Molycorp ends 2013 with cash, equivalents of $34 million; steps back from securing revolver

By Lisa Kerner

Charlotte, N.C., March 4 - Molycorp, Inc. president and chief executive officer Geoffrey R. Bedford said 2013 was a year of both challenges and accomplishments for the company.

In addition to making efforts to right-size, Molycorp completed the commissioning and the operational start-up of the Chlor-Alkali plant at its Mountain Pass, Calif., rare earth facility.

The plant is expected to play "a key role in helping us achieve operating break-even cash flow, before interest, this year," said Bedford.

Globally, markets "appear to be strengthening, albeit slowly," while demand in general seems to be returning "to more normalized levels," said Bedford during Molycorp's fourth-quarter and full-year 2014 earnings conference call on Tuesday.

Chief financial officer Michael F. Doolan said he is comfortable with Molycorp's current liquidity position. The company reported debt and capital leases of about $1.3 billion at year-end, according to the earnings news release.

"As of December 31, we maintained $314 million of cash and cash equivalents on the balance sheet," said Doolan on the call.

The CFO acknowledged that while efforts to secure a revolving credit facility have been discussed on prior calls, Molycorp has tabled the facility largely due to the company's changed liquidity position following a successful capital raise in October.

"In addition, we believe that the currently proposed terms of this credit facility would not have been favorable to the company, and our continued flexibility in terms of treasury management outweigh any potential benefit the revolver may offer," said Doolan.

During the question-and-answer session, CEO Bedford explained that the facility terms basically limited the company's ability to move cash from where it was made to where it is needed.

Molycorp will be in a position to cover its estimated capital expenditure costs of between $80 million and $90 million with operating cash flows in 2014, according to management. The company expects to be short in covering its debt, most notably the $100 million plus in interest expense.
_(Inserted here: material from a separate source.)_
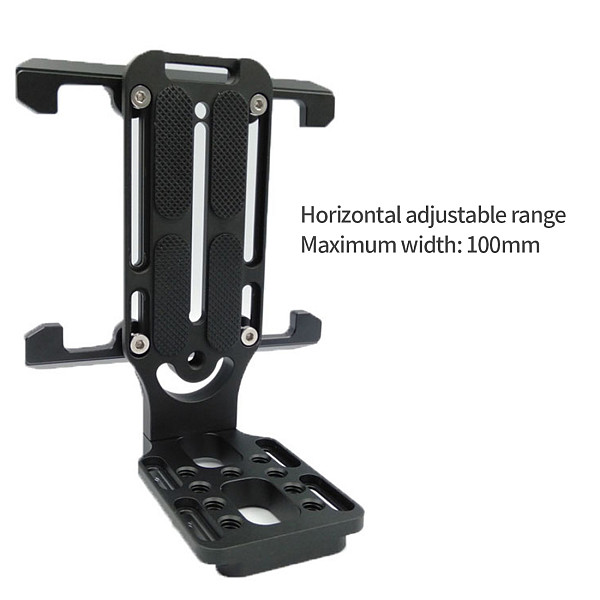 FEICAHO Adjustable Stabilizer Quick Release Plate L-shape Vertical/Horizontal Shooting Board for SLR Camera Tripod Hydraulic Head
Stepping back from the revolver means the company can consider other available opportunities, according to Doolan.

Financial highlights

Fourth-quarter consolidated revenues of $124 million were up 8% year-over-year and down 17% from the third quarter. The decline was attributed mainly to a shifting product mix.

For the full year, the company reported consolidated net revenues of $554 million, a 5% increase as compared to the full year 2012, driven by increased volume sales in certain segments, according to the release.

Molycorp reported a loss attributable to common stockholders of $197.2 million, or $0.95 per share, for the quarter and a full-year loss of $385.8 million, or $2.21 per share.

Cash flows from operating activities for the fourth quarter were a negative $64 million. Full-year cash flows were a negative $154 million.

Capital expenditures for the quarter ended Dec. 31 totaled about $45 million on a cash basis. They totaled $379 million for the full year.

Molycorp is a Greenwood, Colo.-based rare earths metals exploration company.